Yoshimura and Keith Raywood, who himself joined SNL in the mid-1980s, are more than ready for prime time – prime time being defined as Saturday at 11:30 p.m. Eastern during the fall through spring season.

Both honed their craft as production designers under the legendary tutelage of Eugene Lee, who passed away in February. Now, they are imparting his teachings to younger people who’ve joined their illustrious crew.

This year’s Emmy nomination for Outstanding Production Design for a Variety or Reality Series adds to the heap of accolades the men – and their production design team– have already received over the decades.

Yoshimura was first nominated in 1977 for art direction and is the owner of six Emmy statuettes– and a total of 18 nominations. For Raywood, his first Emmy nod came in 2000 and he’s since accumulated 18 more and seven Emmy trophies.

Of course, Saturday Night Live, which just wrapped its 48th season, is the most Emmy-winning show ever with 87 Emmy Awards.

Below the Line spoke with Raywood and Yoshimura via Zoom from New York, where our wide-ranging conversation often mimicked the humorous nature of the show for which they’ve devoted decades of their working lives.

Below the Line: Well, hello, Leo and Keith. Leo, journalistic question. You’re actually listed by the TV Academy as Akira. Do you go by Leo, though?

Leo Yoshimura: Both. My friends who respect me, they call me Akira, but most of my friends who don’t respect me call me Leo.

BTL: I’m going to say default. I’m gonna respect you.

Yoshimura: People are more comfortable with Leo and Akira is my Japanese name that was given to me when I was when I was born. So I use that. It’s in deference to my parents. And I expect you to, Keith, because [laughs], now I understand. You respect me.

Raywood: I do very much and always have.

Yoshimura: I don’t want to spend too much time on this. It should be Leo “Akira” Yoshimura.

Raywood: Thank you. Okay. We only have 10 minutes left.

BTL: So I feel like I’m in a “Please Don’t Destroy” sketch in the writer’s room right now, [laughs], but congratulations on your Emmy nomination. This is adding to the literally hundreds SNL has received over the years, actually 324 is the accurate number. So how are you feeling about this recognition from members of the TV Academy?

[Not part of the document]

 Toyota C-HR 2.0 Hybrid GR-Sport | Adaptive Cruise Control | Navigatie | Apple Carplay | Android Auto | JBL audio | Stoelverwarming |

Yoshimura: I feel actually it’s an acknowledgement that I think as we come to the 50th season, these acknowledgements anyways for me are very important. I think that it says something about the visual strength of the show and how it’s continued over the years.

BTL: So can you talk about working with the late production designer Eugene Lee, who’d been with the show since it started in 1975, and what you learned from him?

Yoshimura: What was wonderful was to watch how he was consumed by design. I was always kind of fascinated at his ability to look at something and make it and apply it to his design work. We had had a relationship for 47 years. I mean, I worked for Eugene for 47 years, which in dog years a very long time. So [laughs] the spoken word wasn’t easily used. We generally would actually signal our approval of our work at the end of the show Saturday. He would go home to Providence and I would go home to my New York apartment. But there was always a moment when we would shake each other’s hand and say, “Good work.”

Raywood: I actually just finished an article for Perspective, which is the production design magazine, all about working with Eugene. Eugene was why I became a production designer. Leo, the other members of our team, people who’ve been involved in our show, most all went to design school, or were looking to work on Saturday Night Live. And I met Eugene when he wasn’t on the show. There were the first five years, which was Leo and Eugene, and what they did together, starting in ’75. I think I was just getting out of high school at that time.

And then Eugene left the show in 1980, along with Lorne [Michaels] and several of the other of the original people and the original cast. Leo stayed on and became the head designer and all of that. But I met Eugene, I think it was in 1982 on a movie, while he was on hiatus from SNL. I had studied to be an architect, not a designer. I just thought it would be fun to work on a movie for a little while. And then when I met Eugene, it was sort of like my life literally changed at that moment.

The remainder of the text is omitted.